Steep specialty grains in 13.63828 Litres of water at 65.55556 C for 45 minutes. Remove grains and add malt syrup. Bring to boil for 30 minutes. Add 9.449841g Pride of Ringwood pellet hops. Boil 30 minutes, then add candi sugar and Irish moss. 
Boil for 15 minutes and add 14.17476g Pride of Ringwood hops. Boil for 13 minutes and add remaining hops. Boil for two more minutes and remove from heat. 


Cool to about 21.11111 C and transfer to fermenting vessel with yeast. Ferment at 17.77778 to 21.11111 C until complete (about 7 to 10 days), then transfer to a secondary vessel or rack into bottles or keg with corn sugar. 
All-grain version: Omit extract and mash 3.401943kg Schooner or Harrington two-row pale malt with crystal malt in 8.044 Litres of water to get a single-infusion mash temperature of 65.55556 C for 45 minutes. 
Sparge with hot water (76.66667 C or more) to get 25.00351 litres of wort. Then bring to boil and use the above hopping and fermentation schedule. 
OG = 1.050 
FG = 1.006 
IBUs = 25


***************************************************************


----------



## Moray (10/4/03)

I don't have a set of scales, or a thermometer that goes to 5 decimal points.

would it be ok to round it up ?


----------



## Snow (10/4/03)

Here's another Coopers Sparkling Ale clone I found somewhere. I think this guy used a yeast starter cultured from two Coopers stubbies:

*Ingredients*
1.7Kg Coopers Draught can kit 
1Kg Ultra Brew (or 500g Light Malt Extract, 250g dextrose, 250g maltodextrin) 
150g white sugar (this is important) 
24g pride of ringwood hops 
1tsp irish moss 

*Method: *
Boil as much of wort as possible for 30+ minutes, adding: 
1tsp irish moss 30 minutes before the end of the boil 
12g pride of ringwood 15 minutes before the end of the boil 
12g pride of ringwood 5 minutes before the end of the boil 
Force chill wort and transfer to fermenter, straining out hops & hot/cold break trub. 
Top up with cold water (preferably pre-boiled) to 23 litres. 
Aerate vigorously and pitch yeast from the starter when temperature is below 25 degrees C. 

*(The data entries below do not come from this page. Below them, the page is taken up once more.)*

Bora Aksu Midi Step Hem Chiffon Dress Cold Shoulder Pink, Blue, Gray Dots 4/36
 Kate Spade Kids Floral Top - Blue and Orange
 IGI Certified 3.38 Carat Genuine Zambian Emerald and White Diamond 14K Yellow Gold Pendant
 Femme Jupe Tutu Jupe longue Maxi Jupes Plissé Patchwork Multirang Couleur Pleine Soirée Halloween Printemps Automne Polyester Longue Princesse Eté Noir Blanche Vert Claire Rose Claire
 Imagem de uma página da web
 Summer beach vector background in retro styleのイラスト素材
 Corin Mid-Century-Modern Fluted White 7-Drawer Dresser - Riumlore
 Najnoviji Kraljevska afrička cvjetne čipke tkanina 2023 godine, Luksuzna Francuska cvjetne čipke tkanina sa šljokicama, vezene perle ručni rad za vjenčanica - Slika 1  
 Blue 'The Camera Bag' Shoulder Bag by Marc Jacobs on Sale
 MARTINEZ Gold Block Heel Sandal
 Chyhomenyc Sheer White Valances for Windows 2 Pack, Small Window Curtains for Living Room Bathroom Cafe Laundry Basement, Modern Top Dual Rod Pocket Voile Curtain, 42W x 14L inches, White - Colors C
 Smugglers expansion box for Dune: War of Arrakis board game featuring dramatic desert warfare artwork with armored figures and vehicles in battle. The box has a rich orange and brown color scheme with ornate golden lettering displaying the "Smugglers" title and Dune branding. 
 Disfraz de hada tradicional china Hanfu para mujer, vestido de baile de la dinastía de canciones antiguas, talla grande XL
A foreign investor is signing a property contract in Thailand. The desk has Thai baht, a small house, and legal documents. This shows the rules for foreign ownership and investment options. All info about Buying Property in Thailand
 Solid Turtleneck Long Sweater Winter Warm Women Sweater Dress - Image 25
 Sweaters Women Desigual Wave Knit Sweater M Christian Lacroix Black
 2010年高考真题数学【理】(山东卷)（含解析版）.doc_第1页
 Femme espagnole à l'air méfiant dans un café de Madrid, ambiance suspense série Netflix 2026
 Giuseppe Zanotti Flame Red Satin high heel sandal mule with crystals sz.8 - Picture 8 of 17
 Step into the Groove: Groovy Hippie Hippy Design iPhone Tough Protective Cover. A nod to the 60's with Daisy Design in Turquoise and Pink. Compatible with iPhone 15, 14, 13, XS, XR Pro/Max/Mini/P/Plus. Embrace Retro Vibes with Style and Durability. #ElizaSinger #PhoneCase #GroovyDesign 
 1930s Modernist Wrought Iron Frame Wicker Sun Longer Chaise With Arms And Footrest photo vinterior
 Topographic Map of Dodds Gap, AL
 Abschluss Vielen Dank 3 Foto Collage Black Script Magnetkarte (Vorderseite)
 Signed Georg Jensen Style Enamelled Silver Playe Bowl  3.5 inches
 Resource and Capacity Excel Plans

With a good starter, caught at the right time, this should start fermenting very quickly and the airlock should be bubbling vigorously within 3 hours. 

Ferment at less than 22 degrees C. 
It would be advantageous to transfer to a secondary fermenter after about 4-5 days, but I just bottled from the primary after around 8 when the airlock stopped bubbling entirely. 

Bulk prime with 180g of dextrose.


----------